Pictures are to be left out; everything else in the records must be repeated exactly.

BEGIN

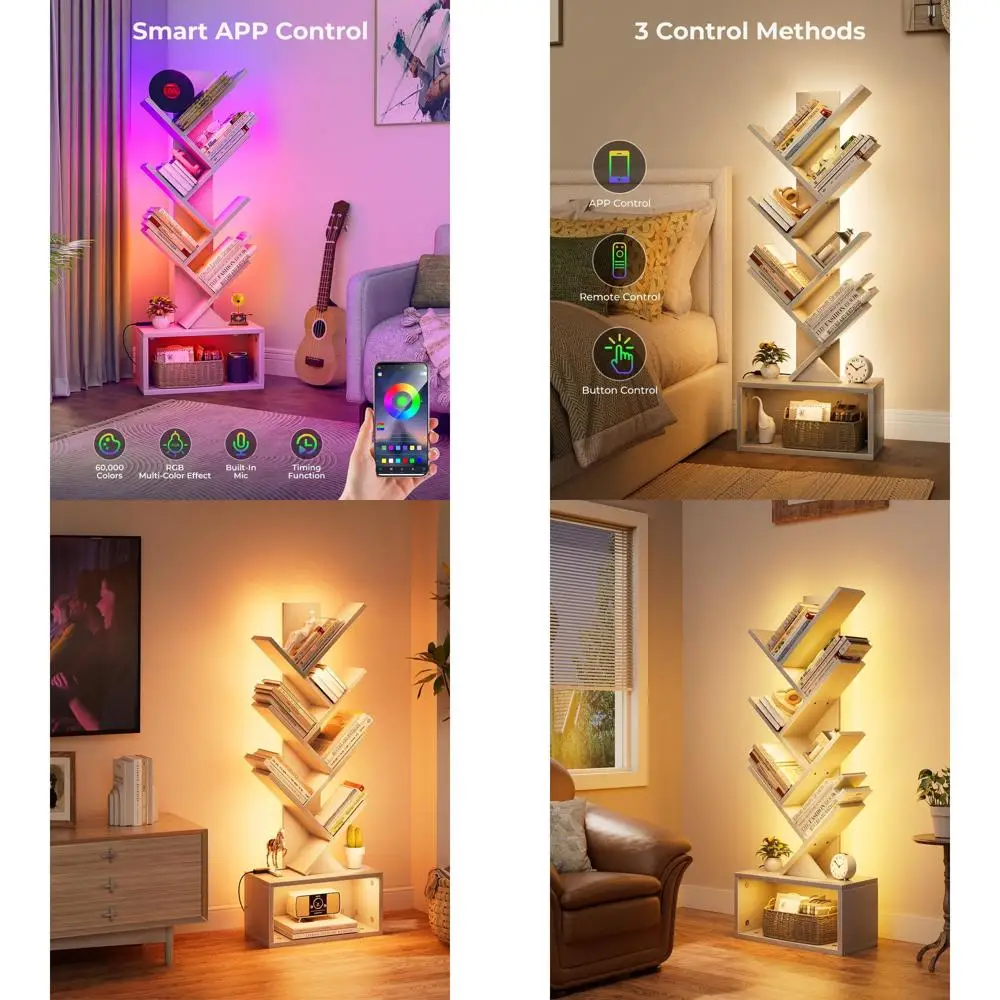 

6-уровневая книжная полка с подсветкой, органайзер для хранения со светодиодной подсветкой, угловой книжный шкаф для гостиных и домашних офисов, белый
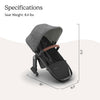 UPPAbaby RumbleSeat V3 second lower all-weather seat with magnetic buckle for Vista V2 and V3, in Declan Oat Mélange with silver frame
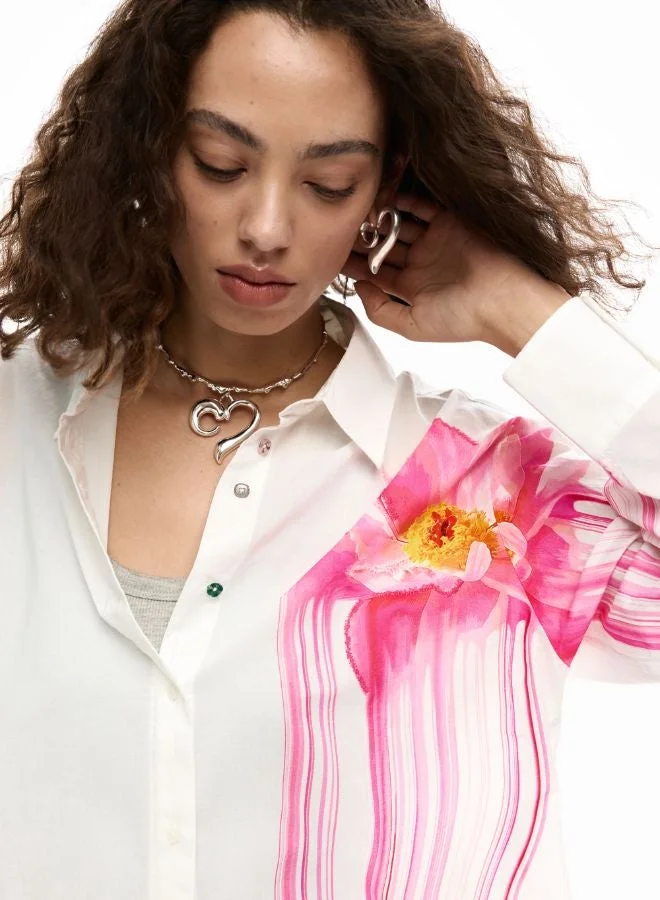 DESIGUAL White Glossy Flower Shirt for Women | Best Price UAE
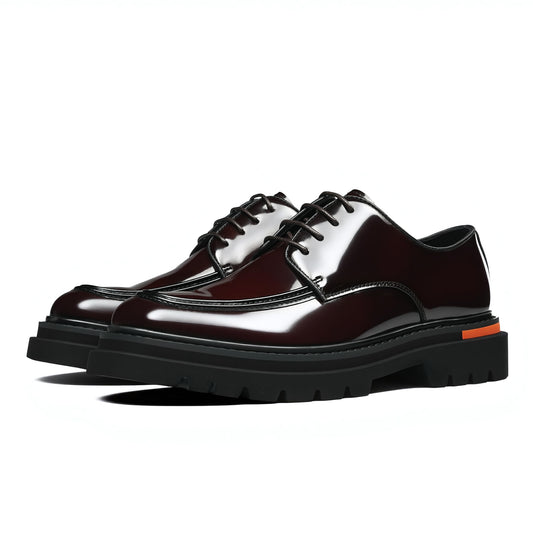 Men's Classical Derby Shoes: Luminous Grain & Supple Contour Comfort
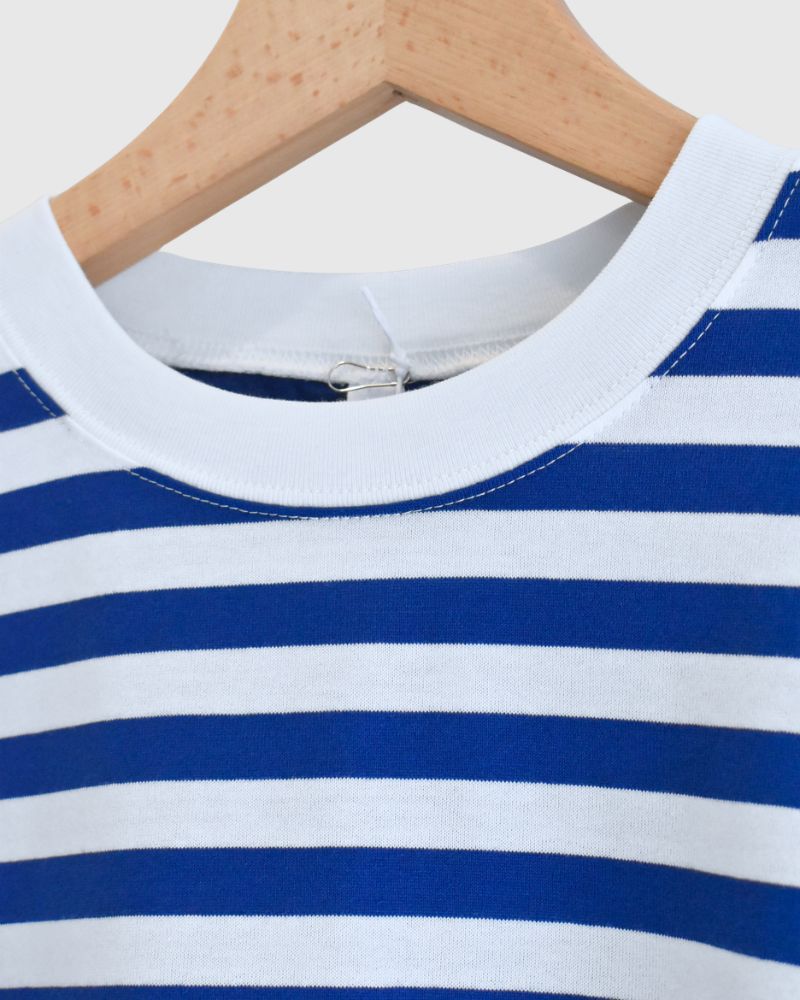 クルーネック スリットTシャツ Blue/White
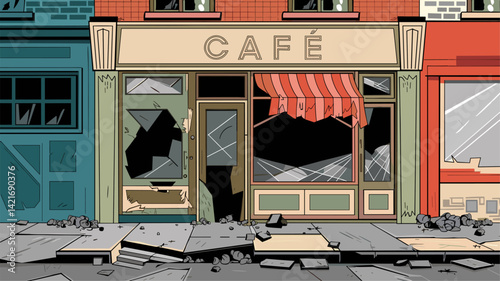 This vector image portrays a damaged café facade featuring broken windows, a torn awning, and debris scattered on the sidewalk. Ideal for themes of urban decay or disaster.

END

• [EXERCISE SOLUTION]
6-уровневая книжная полка с подсветкой, органайзер для хранения со светодиодной подсветкой, угловой книжный шкаф для гостиных и домашних офисов, белый
 UPPAbaby RumbleSeat V3 second lower all-weather seat with magnetic buckle for Vista V2 and V3, in Declan Oat Mélange with silver frame
 DESIGUAL White Glossy Flower Shirt for Women | Best Price UAE
 Men's Classical Derby Shoes: Luminous Grain & Supple Contour Comfort
 クルーネック スリットTシャツ Blue/White
 This vector image portrays a damaged café facade featuring broken windows, a torn awning, and debris scattered on the sidewalk. Ideal for themes of urban decay or disaster.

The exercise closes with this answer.